◆ Task item
When you return the data, keep every word exact and include none of the images.

◆ Supplied data
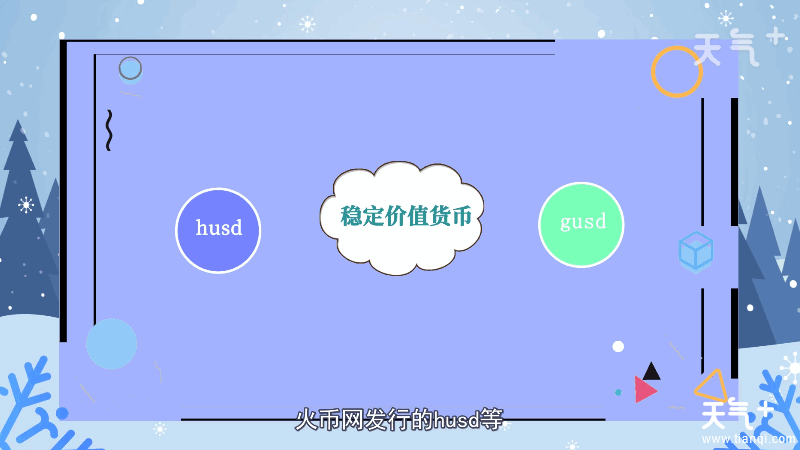 关于usdt属于什么币种一个多少钱的信息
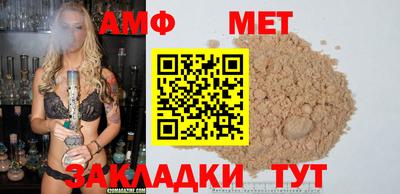 меф VHQ Отрадное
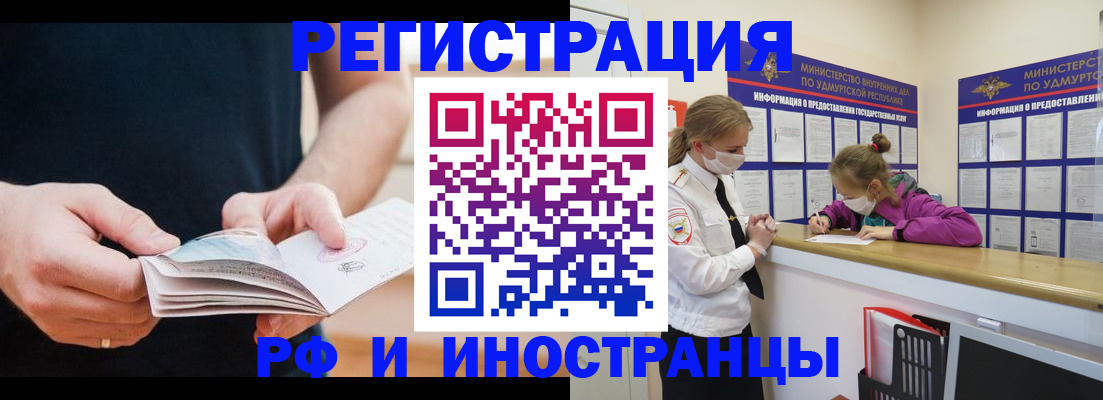 прописка паспорт в Новомосковске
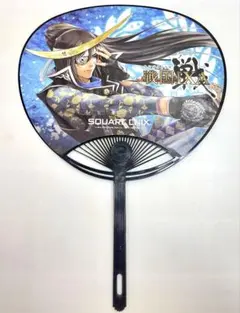 非売品▲戦国IXA オリジナルうちわ 伊達政宗/豊臣秀吉 スクウェア・エニックス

◆ Answer box
 关于usdt属于什么币种一个多少钱的信息
 меф VHQ Отрадное
 прописка паспорт в Новомосковске
 非売品▲戦国IXA オリジナルうちわ 伊達政宗/豊臣秀吉 スクウェア・エニックス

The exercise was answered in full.